Left-tube needs more content like it.
Love second Thought
I think Second Thought knows this, but I would like to point out that this isn't technically socialism. It's better. Worker Cooperatives are still a form of private ownership, and that's actually a good thing because it means there can be multiple competing organizations. Say what you will about Capitalism and its for-profit motive, but the market economy is a damn good idea. While I'm not personally a fan of worker cooperatives, I've advocated for a regulated market of competitive non-profits / social-enterprises for ages.
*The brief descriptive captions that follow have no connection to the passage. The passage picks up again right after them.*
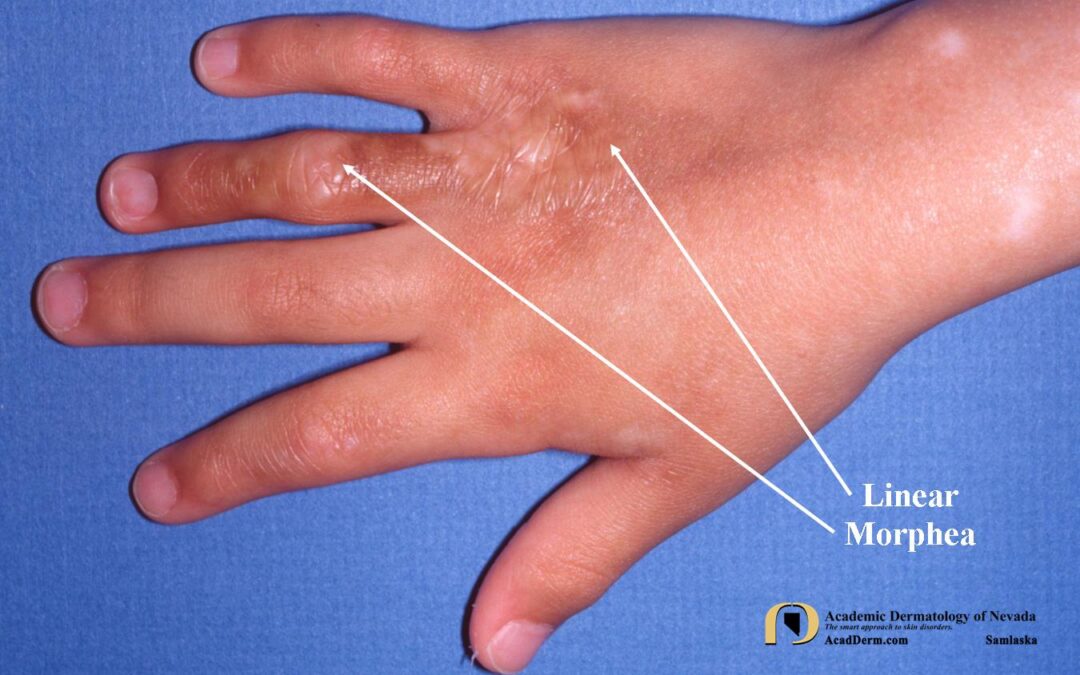 Linear Morphea:  Linear scleroderma…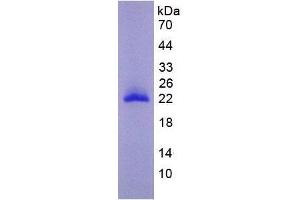 Image no. 2 for Matrix Metallopeptidase 9 (Gelatinase B, 92kDa Gelatinase, 92kDa Type IV Collagenase) (MMP9) (AA 225-413) protein (His tag) (ABIN1980762)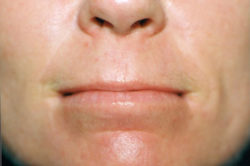 CO2 Laser Resurfacing (wrinkle/line reduction)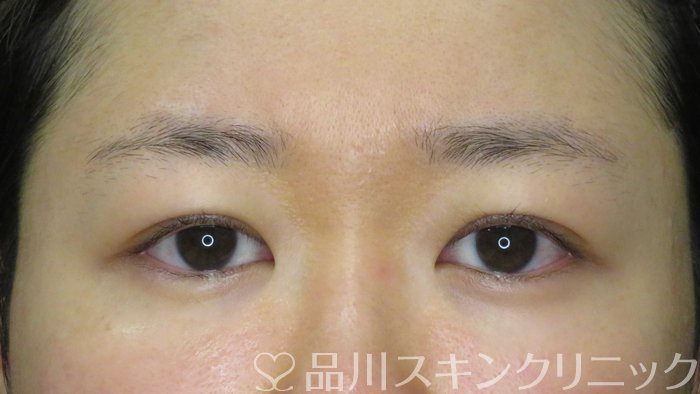 症例NO.73539のBEFORE写真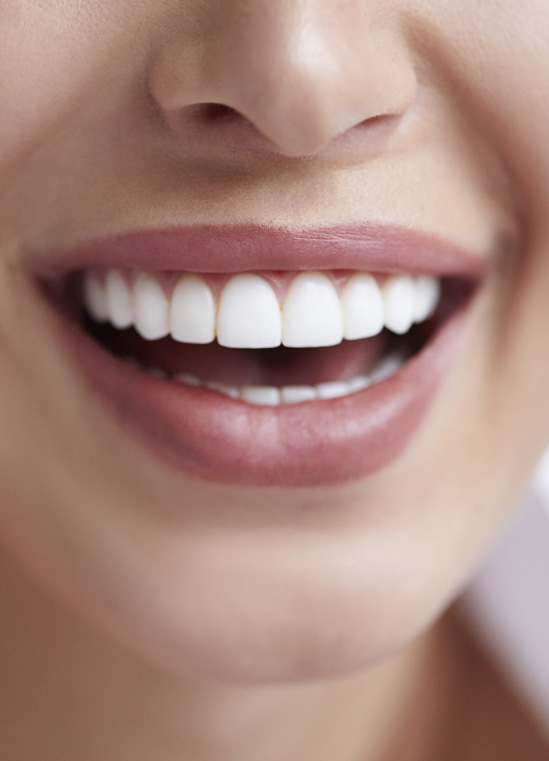 Close-up of a bright, even smile after cosmetic dental treatment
While I'm fine with socializing natural monopolies and maybe some forms of social safety nets (let's be real, UBI and heavy regulation is better than socialization), I think the idea of socializing things like cranberries, car mechanics, or photography is extraordinarily stupid -- have you had to pay a student activity fee at university? You remember thinking why do I have to pay this I don't do activities? Yeah, that having to pay for other people's parties is why Americans hate socialism. And of course we're all living the nearly identical failed results of capitalism.
I think this is a good conversation to have about the middle ground that exist, and I think it would be really cool if someone (Economics Explained, idk?) could show how these arguments are actually economically more efficient. I mean it doesn't take much to see that this middle ground is the most efficient option, so I'm not sure what would go in the video, but I would love to see the conversation expand in that direction.